Besonders brisant ist der Umstand, dass schwangere Frauen in den zentralen Zulassungsstudien von Pfizer und Moderna gar nicht vertreten waren. Entsprechende Daten wurden erst erhoben, als die Nadeln bereits in den Oberarmen steckten. Wer damals fragte, warum ausgerechnet in dieser sensibelsten Gruppe geworben wurde, obwohl Daten fehlten, galt als Störenfried.
Von „absolut unmöglich“ zu 187 Tagen
Noch im vergangenen Jahr erklärte Weissman in einem Interview mit einem amerikanischen Fachportal, eine Verbreitung der Lipidnanopartikel über die Injektionsstelle hinaus sei „absolut unmöglich“, die RNA werde binnen weniger Tage abgebaut.
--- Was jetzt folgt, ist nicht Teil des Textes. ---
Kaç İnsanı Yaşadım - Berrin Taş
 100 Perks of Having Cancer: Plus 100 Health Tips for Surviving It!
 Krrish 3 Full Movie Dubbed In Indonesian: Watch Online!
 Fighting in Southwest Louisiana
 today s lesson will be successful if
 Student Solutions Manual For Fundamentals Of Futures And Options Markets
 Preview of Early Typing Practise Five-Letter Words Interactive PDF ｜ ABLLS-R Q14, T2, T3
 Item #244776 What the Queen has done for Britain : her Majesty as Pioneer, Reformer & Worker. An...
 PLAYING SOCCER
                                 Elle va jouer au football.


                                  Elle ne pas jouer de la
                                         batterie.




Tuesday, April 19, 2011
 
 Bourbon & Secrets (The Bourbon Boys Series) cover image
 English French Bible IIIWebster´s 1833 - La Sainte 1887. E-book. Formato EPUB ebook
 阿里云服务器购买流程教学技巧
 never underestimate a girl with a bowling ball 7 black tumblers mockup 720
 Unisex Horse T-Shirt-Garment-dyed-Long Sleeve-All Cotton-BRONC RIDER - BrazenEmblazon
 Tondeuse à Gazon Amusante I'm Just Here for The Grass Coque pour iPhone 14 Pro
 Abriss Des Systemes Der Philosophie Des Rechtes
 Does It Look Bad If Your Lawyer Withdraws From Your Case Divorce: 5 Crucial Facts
Studien zeichnen seit 2022 ein anderes Bild: mRNA sei im Blut bis zu 28 Tage, in Lymphknoten bis zu 60 Tage nachweisbar. Spike-Protein wurde in manchen Untersuchungen bis zu 187 Tage im Blut und bis zu 245 Tage in Immunzellen gefunden.
Und dann wäre da noch die Fachliteratur aus dem Jahr 2018. Damals hatten Weissman und Kollegen in einer renommierten Zeitschrift das enorme Potenzial der Technologie betont – zugleich aber auf Herausforderungen wie die Instabilität der mRNA und mögliche unerwünschte Immunreaktionen hingewiesen. Die Autoren mahnten zu „vorsichtigen Erwartungen“. Wer diese Mahnung 2021 zitierte, wurde vom öffentlich-rechtlichen Rundfunk in die Nähe von Wirrköpfen gerückt.
Die eigentliche Nebenwirkung heißt Vertrauensverlust
Es geht hier nicht um die pauschale Verdammung einer Technologie. Es geht um etwas viel Grundsätzlicheres: um die Frage, ob ein Staat, der seinen Bürgern moralisch, sozial und beruflich die Pistole an die Brust setzt, nicht die Pflicht gehabt hätte, jede offene Frage sofort und schonungslos offenzulegen. Die Antwort liegt nun in eintausend Seiten aus einem amerikanischen Senatsbüro – und sie fällt vernichtend aus.
In Deutschland wartet man unterdessen weiter auf eine echte Aufarbeitung. Kein Untersuchungsausschuss mit Zähnen, keine unbequemen Fragen an jene, die damals in Dauerschleife Gewissheiten verkauften, die intern längst diskutiert wurden. Stattdessen dieselbe politische Klasse, dieselben Reflexe, dieselbe Verachtung für den zweifelnden Bürger. Wer sich fragt, warum das Vertrauen in Institutionen, Behörden und Regierungsaussagen in diesem Land auf historischen Tiefständen liegt, findet in dieser Geschichte einen Teil der Antwort.
Fazit: Wer in den vergangenen Jahren gelernt hat, dass amtliche Beteuerungen und die tatsächliche Aktenlage zwei verschiedene Dinge sein können, wird auch in finanziellen Fragen vorsichtiger. Vertrauen ist eben kein Verwaltungsakt – es muss verdient werden. Und viele Bürger ziehen daraus den Schluss, sich weniger auf Versprechen und mehr auf Substanz zu verlassen.